Where there is doubt as to the impact of the current powers of a protector, as set out in the trust deed, or the implications of the interaction between the protector and the trust, steps should be taken to create greater certainty by removing or modifying certain powers. Consideration could also be given to whether the circumstances of the trust are such that a protector is still needed. However, in many cases, it may be possible to retain a protector without adverse reporting consequences.

When are protectors treated as controlling persons?

A trust is not a financial institution where, for example, its trustees are individuals or the financial situation of the trust does not meet the requirements for financial institution status.

In most cases the trust will instead be classed as a “passive non-financial entity”. In such a situation, the trustee has no reporting obligations. Instead, the obligations shift to other financial institutions (for example banks or investment funds) with whom the trust holds an account. If the trust has a wholly owned subsidiary with a managed investment portfolio, that entity is also likely to be a financial institution with reporting obligations. In such cases the bank, fund or underlying company is required to identify the controlling persons of the trust and file any necessary reports.

In the case of a non-financial entity trust, protectors are treated as a controlling persons regardless of whether or not they exercise any control. This follows directly from the wording of the CRS rules, which specifically require reporting of protectors of trusts that are passive non-financial entities. Thus, the bank will report the protector as someone with control over the trust bank account and this information (which will include the account balance and movements on the account) is likely to end up with the tax authorities in the country of the protector’s residence.
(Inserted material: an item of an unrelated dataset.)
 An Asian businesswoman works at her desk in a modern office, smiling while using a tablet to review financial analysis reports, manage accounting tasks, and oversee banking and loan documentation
It can readily be seen that the protector of a financial institution trust is in a better position with regard to CRS reporting compared with where the trust is a passive non-financial entity. In the former situation, legitimate measures can be taken to ensure that unnecessary reporting does not happen (and, even if reporting is required, it may be possible to report a zero value rather than the full value of the trust). In the latter situation, abolition of the protector role may be the only remedy. Lucky for those who are the square pegs.

Next steps for protectors

Reporting in many countries will start to be made by financial institutions imminently. Protectors would be well advised to verify whether their trusts are financial institutions and, if so, whether their powers under the trust deed are such as to render them potentially reportable. It should not be too late to take remedial action, but that will to some extent depend on the status of the due diligence carried out to date by the trustees or by the trust’s bank.